As hundreds of new TLDs are now being applied for, the decisions made by extensions launched in the past will be made by applicants of new TLDs. One of those decisions is whether the TLD will be open for any registrants or whether it will be closed/private or controlled with requirements.
As The Register reports, the .music extension being applied for will be highly regulated if it passes. The various groups backing the extension such as the RIAA are looking to keep it regulated in efforts to prevent piracy on the extension.
The company who has won the backing of the RIAA and other major industry players, Far Further, has indicated that a .music registrant would have to be a member of an organization. Additionally, they will “crawl the .music space regularly for evidence of piracy and take down domain names found to host infringing content.”
The other known applicant for .music, Cypriot businessman Constantine Roussos, has also indicated having the upfront regulation of who can register a .music domain. There may be other applicants for the TLD but chances are that if it comes down to an auction for it, industry money would likely win out or at least make it very expensive for the winner of the TLD.
This begs the question however: What about independent artists? What about simple music lovers and fans? The regulations seem to shun those kinds of registrants, but is that really a good idea?
When it comes to other kinds of extensions like a .brand or a .location, closed and regulated may not make as much of a difference in how well the extension performs. Especially in the case of a .brand, it’s likely that most of those will be closed to only the company itself and used simply as additional branding (though some may go for interesting open uses of their TLD).
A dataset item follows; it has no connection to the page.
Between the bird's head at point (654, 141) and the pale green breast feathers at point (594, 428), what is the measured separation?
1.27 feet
When it comes to a generic extension however, being closed off and regulated has often hurt the performance of the extension. Extensions like .travel, .jobs, .pro, .mobi and .tel have all suffered from their regulations, which either limited who could register in the extension or what could be done with the domain.
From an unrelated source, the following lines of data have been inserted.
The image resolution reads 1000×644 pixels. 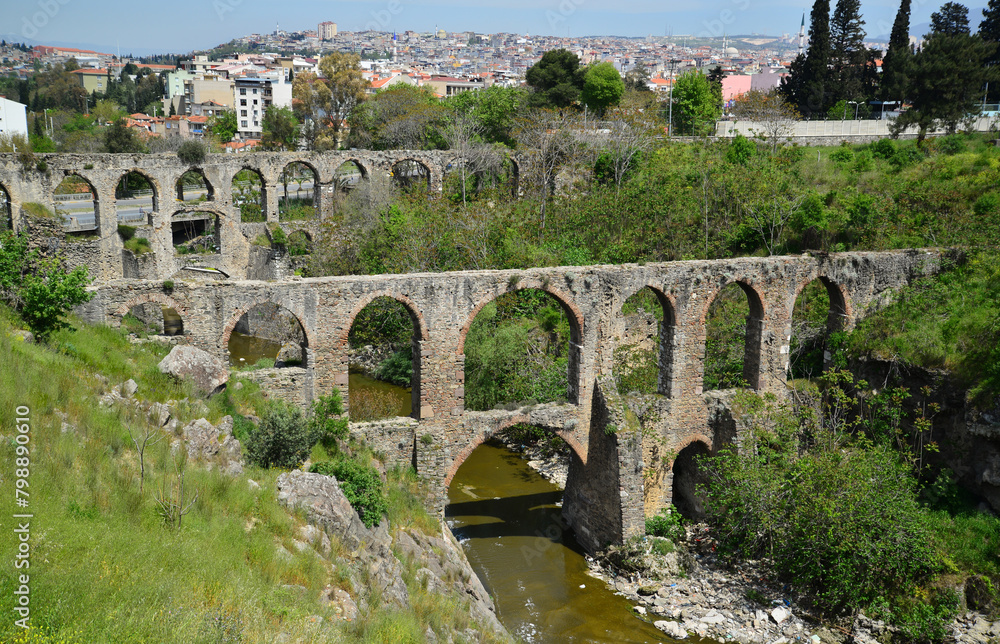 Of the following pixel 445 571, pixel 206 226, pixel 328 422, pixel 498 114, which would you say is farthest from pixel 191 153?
pixel 445 571

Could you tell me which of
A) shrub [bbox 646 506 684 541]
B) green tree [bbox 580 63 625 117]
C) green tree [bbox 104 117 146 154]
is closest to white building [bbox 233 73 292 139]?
green tree [bbox 104 117 146 154]

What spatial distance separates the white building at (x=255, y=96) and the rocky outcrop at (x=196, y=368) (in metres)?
76.4

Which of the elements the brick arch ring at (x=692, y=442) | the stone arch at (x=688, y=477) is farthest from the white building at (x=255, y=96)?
the brick arch ring at (x=692, y=442)

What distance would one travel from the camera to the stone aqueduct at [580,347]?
17.0m

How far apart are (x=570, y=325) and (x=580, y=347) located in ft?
1.81

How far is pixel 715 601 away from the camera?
1691 centimetres

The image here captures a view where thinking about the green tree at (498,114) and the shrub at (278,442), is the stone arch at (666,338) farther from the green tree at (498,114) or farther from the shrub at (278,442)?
the green tree at (498,114)

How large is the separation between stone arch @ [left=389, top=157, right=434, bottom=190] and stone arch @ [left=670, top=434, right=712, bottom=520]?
22.7 meters

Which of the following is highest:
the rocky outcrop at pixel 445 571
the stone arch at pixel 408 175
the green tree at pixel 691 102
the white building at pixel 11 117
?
the green tree at pixel 691 102

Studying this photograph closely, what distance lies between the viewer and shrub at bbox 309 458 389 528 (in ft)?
47.4

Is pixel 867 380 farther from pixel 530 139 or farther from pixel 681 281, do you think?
pixel 530 139

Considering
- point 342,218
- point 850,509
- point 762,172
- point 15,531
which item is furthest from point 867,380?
point 342,218

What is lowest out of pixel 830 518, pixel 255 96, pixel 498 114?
pixel 830 518

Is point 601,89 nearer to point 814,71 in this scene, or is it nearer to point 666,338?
point 814,71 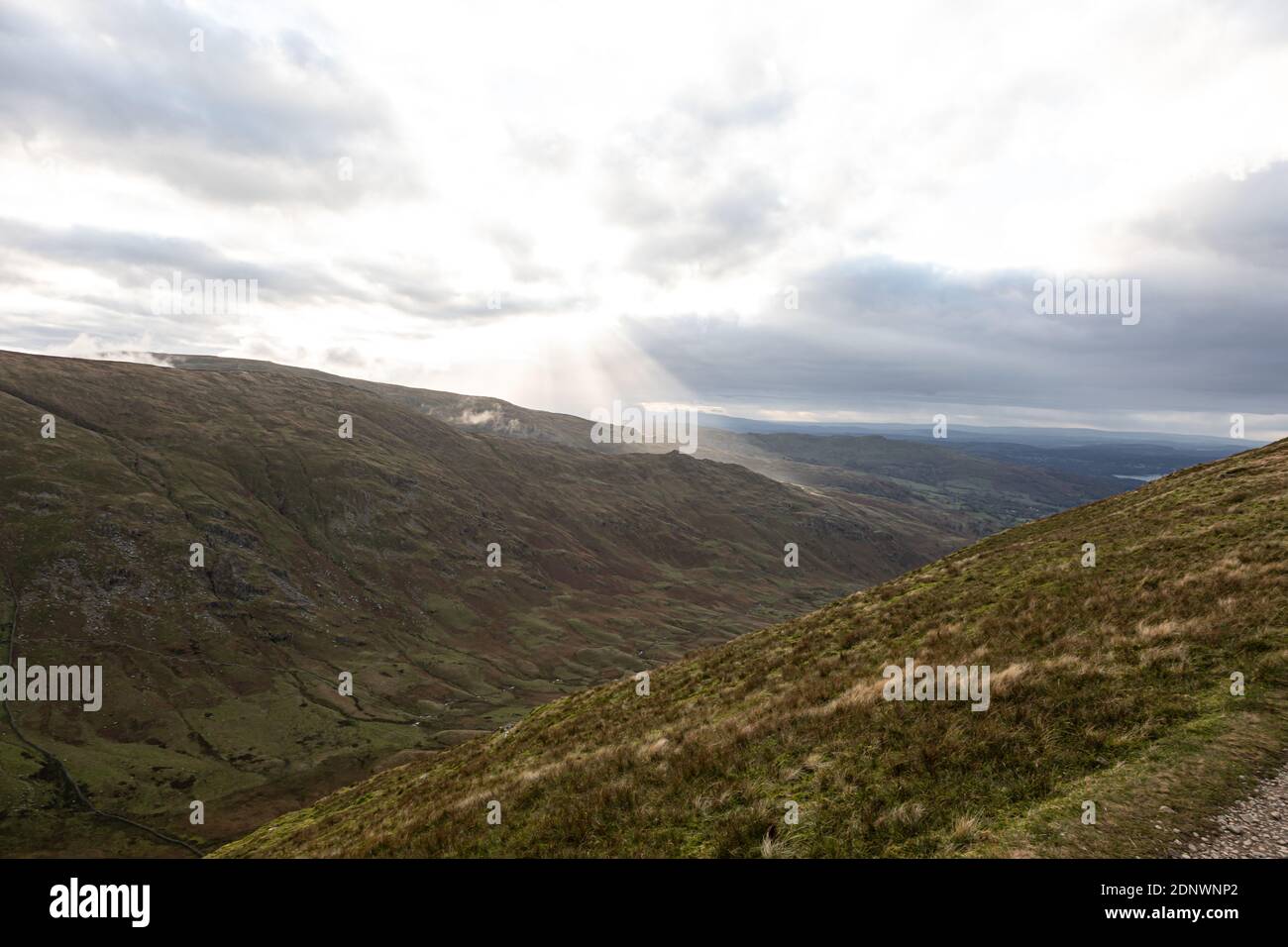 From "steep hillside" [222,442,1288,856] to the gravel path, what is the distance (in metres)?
0.24

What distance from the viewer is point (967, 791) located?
10.4 m

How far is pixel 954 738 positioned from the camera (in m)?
12.0

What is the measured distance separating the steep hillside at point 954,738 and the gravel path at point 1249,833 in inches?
9.4

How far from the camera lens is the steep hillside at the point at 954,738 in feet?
32.0

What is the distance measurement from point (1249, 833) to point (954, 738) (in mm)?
4446

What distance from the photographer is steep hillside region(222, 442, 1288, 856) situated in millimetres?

That said, regulations are certainly understandable in some cases. Unlike a .com or .net where anything may go, the .travel registry wouldn’t want non-travel sites to show up, so they restricted it to travel-industry companies. The .mobi extension wanted to ensure that any site developed on it would work on mobile devices, so they developed the process of evaluating and scoring .mobi sites.
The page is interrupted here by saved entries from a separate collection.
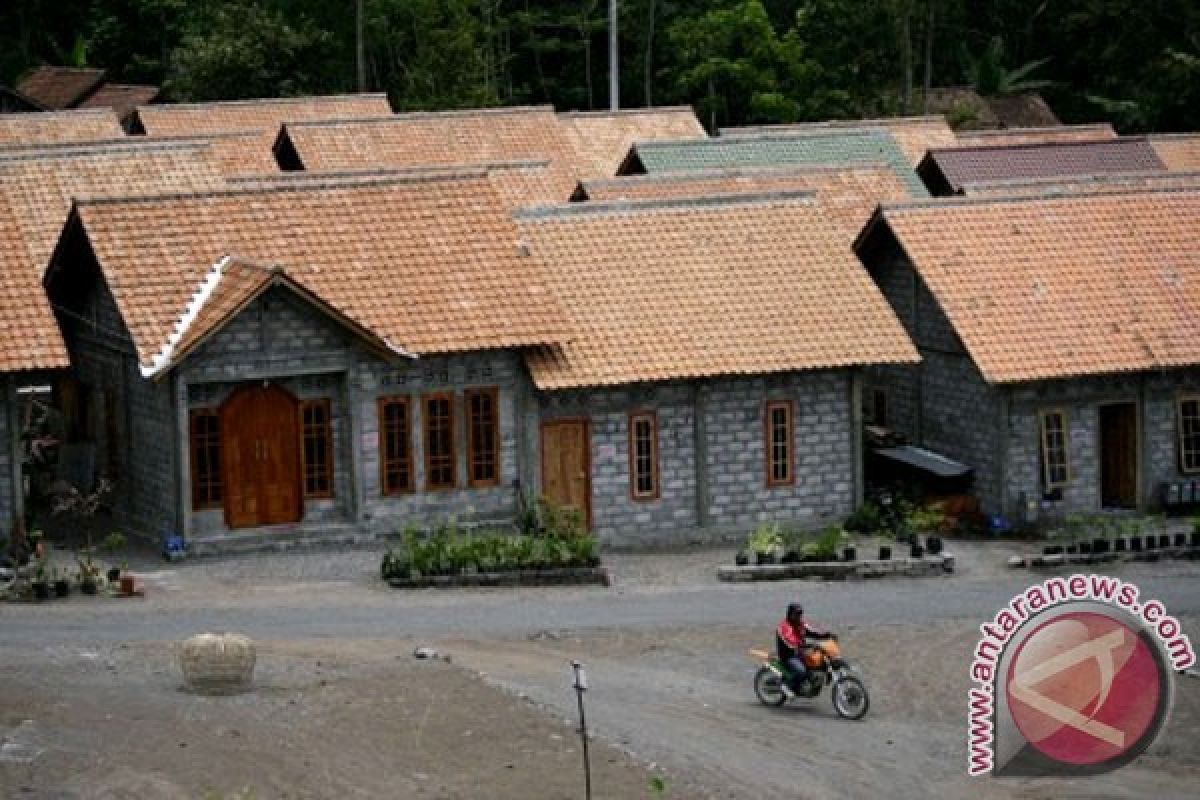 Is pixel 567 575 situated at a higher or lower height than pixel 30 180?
lower

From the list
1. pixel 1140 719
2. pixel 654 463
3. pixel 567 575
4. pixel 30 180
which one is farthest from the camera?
pixel 30 180

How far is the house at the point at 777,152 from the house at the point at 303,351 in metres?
14.9

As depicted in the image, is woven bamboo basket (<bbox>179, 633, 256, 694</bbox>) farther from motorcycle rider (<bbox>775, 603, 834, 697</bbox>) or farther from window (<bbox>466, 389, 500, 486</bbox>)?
window (<bbox>466, 389, 500, 486</bbox>)

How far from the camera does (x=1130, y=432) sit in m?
47.3

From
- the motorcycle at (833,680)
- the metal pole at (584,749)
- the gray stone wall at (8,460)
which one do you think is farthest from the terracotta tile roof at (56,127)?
the metal pole at (584,749)

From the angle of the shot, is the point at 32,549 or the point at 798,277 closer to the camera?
the point at 32,549

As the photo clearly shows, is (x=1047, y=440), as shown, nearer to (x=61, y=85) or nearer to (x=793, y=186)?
(x=793, y=186)

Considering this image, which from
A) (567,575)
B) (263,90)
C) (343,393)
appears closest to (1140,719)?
(567,575)

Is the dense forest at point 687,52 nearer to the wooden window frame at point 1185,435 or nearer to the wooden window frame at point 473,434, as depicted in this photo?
the wooden window frame at point 1185,435

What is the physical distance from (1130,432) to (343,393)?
1311 centimetres

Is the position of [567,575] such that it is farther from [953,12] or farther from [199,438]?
[953,12]

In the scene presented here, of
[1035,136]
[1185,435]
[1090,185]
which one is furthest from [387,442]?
[1035,136]

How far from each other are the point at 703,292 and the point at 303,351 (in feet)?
22.9

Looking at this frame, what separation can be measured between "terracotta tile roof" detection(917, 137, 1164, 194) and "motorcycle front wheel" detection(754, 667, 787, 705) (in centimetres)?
2478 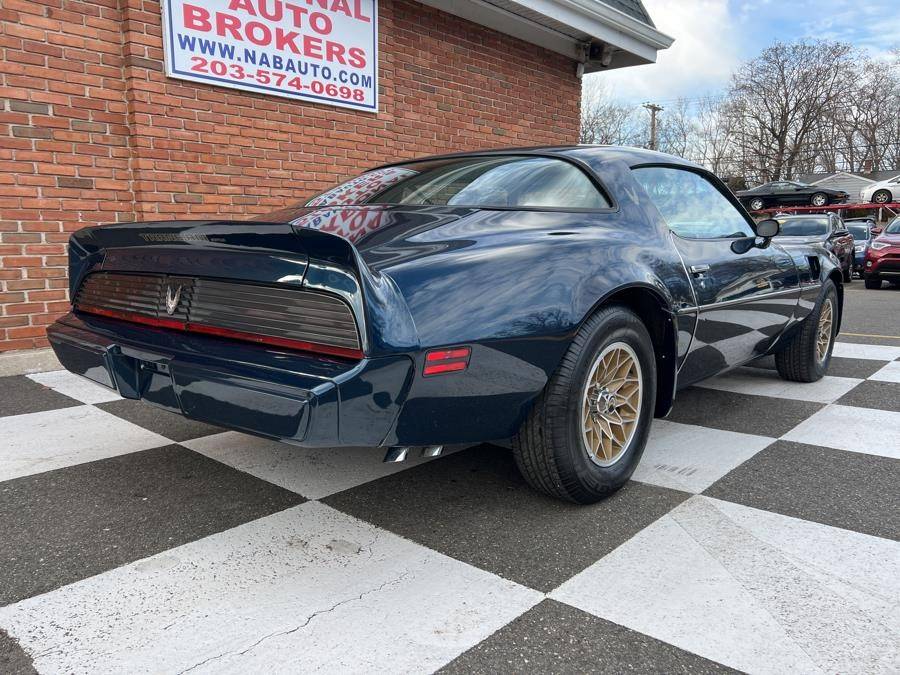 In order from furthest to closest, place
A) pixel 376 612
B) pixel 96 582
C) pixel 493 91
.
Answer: pixel 493 91
pixel 96 582
pixel 376 612

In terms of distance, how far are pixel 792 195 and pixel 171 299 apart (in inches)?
934

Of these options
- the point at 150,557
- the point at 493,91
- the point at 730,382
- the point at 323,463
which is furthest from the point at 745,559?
the point at 493,91

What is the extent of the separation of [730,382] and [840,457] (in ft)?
4.74

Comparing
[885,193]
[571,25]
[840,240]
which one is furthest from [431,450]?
[885,193]

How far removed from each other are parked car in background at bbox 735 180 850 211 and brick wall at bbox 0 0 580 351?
60.3 ft

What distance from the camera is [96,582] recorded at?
6.04 feet

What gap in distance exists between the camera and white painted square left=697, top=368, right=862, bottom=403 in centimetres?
399

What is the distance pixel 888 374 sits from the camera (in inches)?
178

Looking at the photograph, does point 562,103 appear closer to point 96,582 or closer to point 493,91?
point 493,91

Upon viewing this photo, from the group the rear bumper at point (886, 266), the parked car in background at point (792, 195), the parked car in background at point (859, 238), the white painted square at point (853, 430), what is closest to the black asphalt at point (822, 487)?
the white painted square at point (853, 430)

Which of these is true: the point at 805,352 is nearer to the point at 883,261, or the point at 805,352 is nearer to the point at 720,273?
the point at 720,273

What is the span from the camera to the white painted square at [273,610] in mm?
1530

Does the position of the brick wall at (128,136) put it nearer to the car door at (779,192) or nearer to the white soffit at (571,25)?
the white soffit at (571,25)

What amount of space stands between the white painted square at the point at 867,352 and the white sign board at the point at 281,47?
4624mm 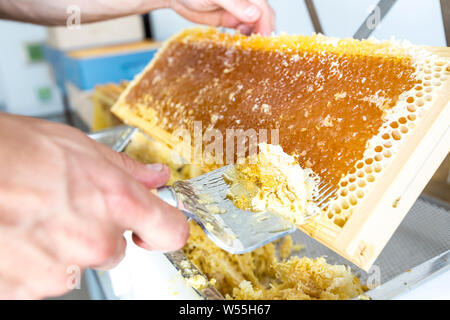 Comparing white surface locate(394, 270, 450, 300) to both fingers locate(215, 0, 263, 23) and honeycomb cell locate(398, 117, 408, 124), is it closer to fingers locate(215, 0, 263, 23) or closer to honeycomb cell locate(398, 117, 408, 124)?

Whether or not these requirements were absolutely necessary is something we’ll all never know. There are also examples of extensions that have made good use of regulation. For example, .edu and .gov are both well-respected extensions where you generally know what to expect on them (educational institutions and US government sites), and in that sense they have served their purpose.
It all comes down to whether it’s really necessary for many of the generic extensions about to come out. Does .music really need to exclude independent artists and fans/lovers of music in efforts to fight piracy? Why is there a notion that piracy would overrun the extension in any case, or whether it would damage the extension when piracy hasn’t damaged the likes of .com, .net or .org which have all seen plenty of piracy sites?
This is something each new TLD applicant will have to decide for their extension, and there’s not necessarily a general “right answer”. Regulations on .bank for instance would almost be a given, while regulations on .com alternatives such as .web would seem unnecessary given .com’s openness. As with everything else regarding the new TLDs, we’ll see what happens.